“Grand Tour” e “La stanza accanto”, due esperienze cinematografiche da non perdere

“Grand Tour” e “La stanza accanto”, due esperienze cinematografiche da non perdere

Il cinema dei grandi festival è protagonista del weekend in sala: tra le novità della settimana ci sono infatti “Grand Tour” di Miguel Gomes, Premio per la miglior regia all’ultimo Festival di Cannes, e “La stanza accanto” di Pedro Almodóvar, vincitore del Leone d’oro alla Mostra del Cinema di Venezia di quest’anno.

Partendo dal film del regista portoghese, il “Grand Tour” del titolo fa riferimento al viaggio che compiono due personaggi: nel 1917, in Birmania, un funzionario dell’Impero britannico fugge dalla fidanzata che l’ha raggiunto in terra asiatica per sposarlo. Lei, però, non demorde e segue le sue tracce in un percorso ricco di imprevisti.

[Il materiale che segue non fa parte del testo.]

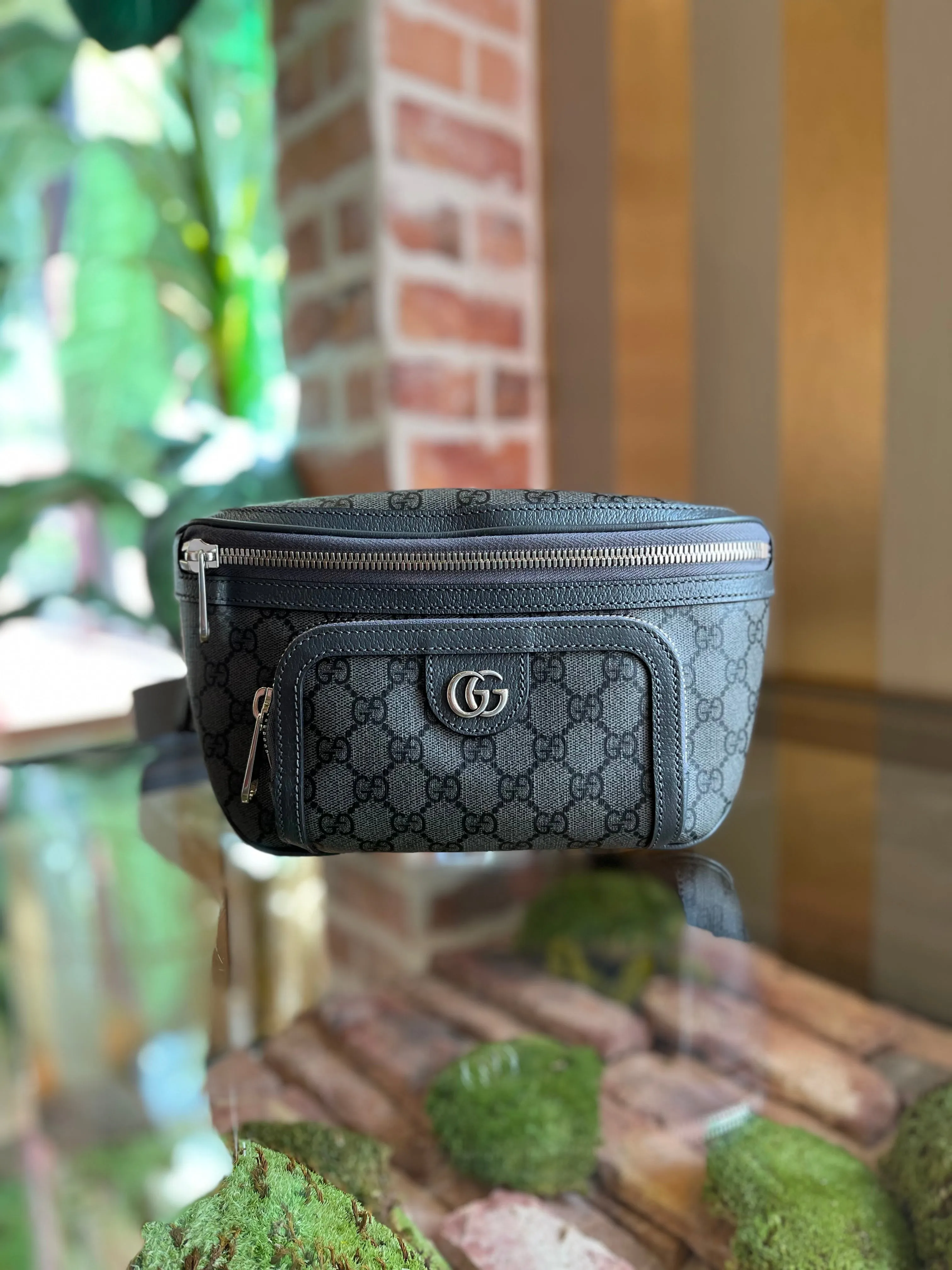 GUCCI Ophidia Medium GG Supreme Canvas Belt Bag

Si apre mostrando una ruota panoramica, questo film privo di un baricentro e costruito su una sceneggiatura che porterà, volutamente, anche noi spettatori a perderci insieme ai personaggi in scena.

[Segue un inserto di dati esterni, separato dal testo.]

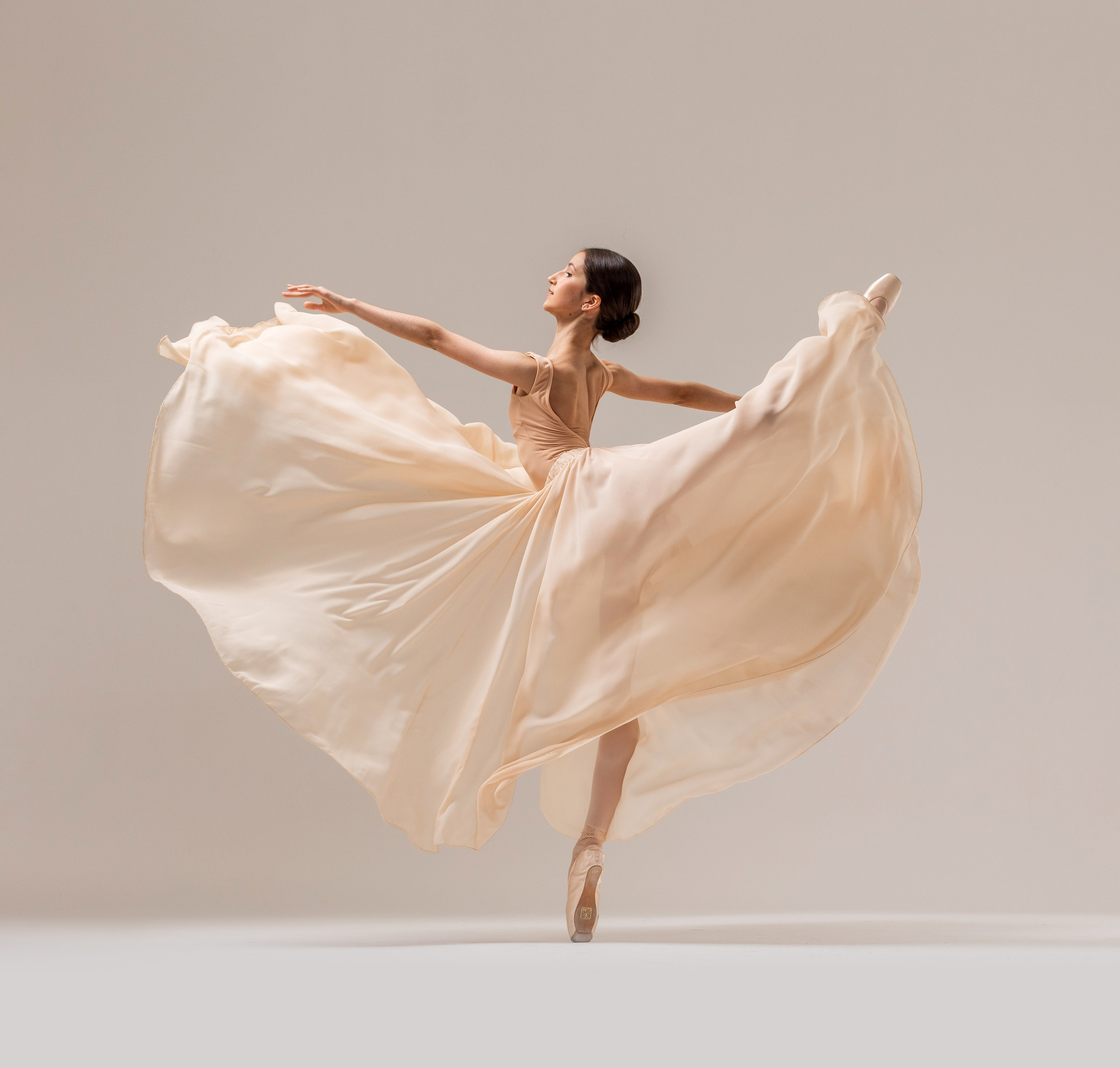 Балетная съёмка на белой циклораме и фонах. Балетный фотограф Алина Ханько — Душа Балета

Quello che compiono i due protagonisti del film è un percorso dentro loro stessi, un “grande tour” mistico e spirituale, che unisce spunti storico-politici sulla colonizzazione, abbandonando però le classiche coordinate spazio-temporali per immergerci in uno scenario profondamente simbolico. C’è ampio spazio per la malinconia e per passaggi fortemente emotivi in questa pellicola contraddistinta da un forte utilizzo della voce narrante e dal desiderio di Gomes di continuare a giocare con la narrazione e la sperimentazione, come aveva già fatto nel bellissimo “Tabu” del 2012 e in quel gigantesco progetto del 2015 che risponde al titolo di “Le mille e una notte – Arabian Nights”, un’opera divisa in tre parti per la durata complessiva di 382 minuti, che utilizzava l’omonima raccolta di racconti per riflettere con forza su vari aspetti del Portogallo e del mondo contemporaneo.

Un viaggio mistico

Se è vero che anche noi spettatori è come se viaggiassimo insieme ai personaggi, quello che ci troviamo di fronte – più che un film – è un’esperienza audiovisiva mistica e affascinante, che può risultare sublime o respingente a seconda che si riesca effettivamente a entrare nella poetica di un regista che continua ad alzare l’asticella e il cui talento non lascia mai indifferenti.